Reimagining Space: The Park Place Gallery Group in 1960s New York, Blanton Museum of Art, Austin, TX

 

 Reimagining Space: The Park Place Gallery Group in 1960s New York Blanton Museum of Art, Austin, TX, MINUS SPACE, Brooklyn

David Novros, 4.24, 1965
Acrylic paint and metallic
powder on canvas, four parts
Overall: 92 ½ x 100 ½ in. (234.9 x 255.3 cm)
Collection of Blanton Museum of Art

September 28, 2008 – January 18, 2009

The Blanton Museum of Art presents a groundbreaking exhibition of work by artists associated with the Park Place Gallery, a prominent artists’ cooperative space in 1960s New York. With their specific aesthetics, the group was often at odds with the predominant style of many artists of the era, and as a result, their work has largely been ignored in chronicles of 1960s art. Organized by the Blanton in collaboration with the University’s College of Fine Arts, the exhibition features approximately 40 works and examines the impact of this little known but influential cadre of artists. Ann Wilson, interim director of the Blanton Museum states, “This exhibition is a model of what a University museum can accomplish. We are fortunate to be able to draw on the expertise of guest curator Linda Dalrymple Henderson—a University of Texas professor and expert in this field—and combine her scholarship with that of the Blanton curators. Reimagining Space is testament to the richness and productivity of the Blanton–UT College of Fine Arts collaboration.”

Initially located on the top floor of a five–story loft building at 79 Park Place in downtown Manhattan, the gallery began in 1962 as an informal gathering place for artists who shared similar aesthetic and social concerns and a passion for jazz.

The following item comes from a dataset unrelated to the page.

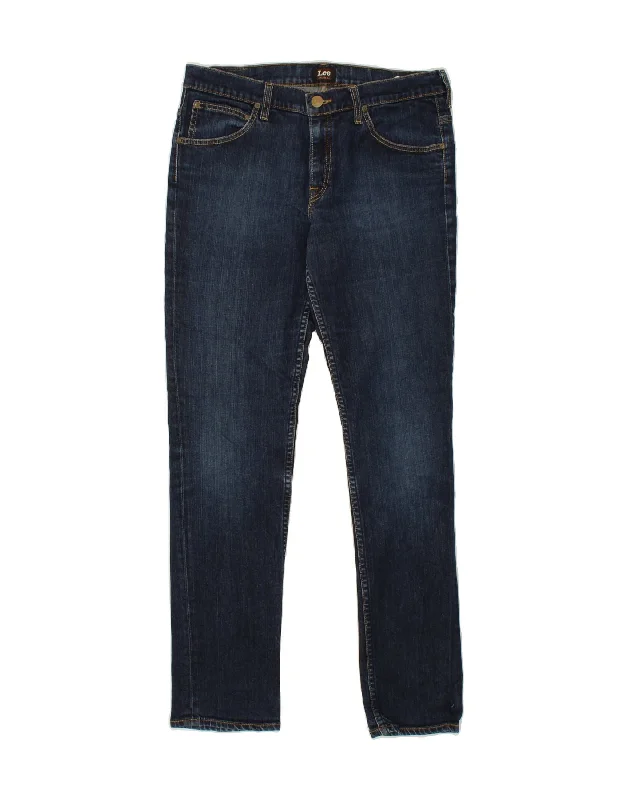 LEE Womens Kunae Slim Jeans W29 L33 Navy Blue Cotton Chic Rolled Cuff Denim Jeans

The group later developed into a more formal organization, opening in 1965 as a cooperative gallery in Greenwich Village. Five sculptors (Mark di Suvero, Peter Forakis, Robert Grosvenor, Anthony Magar, and Forrest Myers) and five painters (Dean Fleming, Tamara Melcher, David Novros, Edwin Ruda, and Leo Valledor) comprised the group, and Paula Cooper served as the gallery’s director for most of its existence.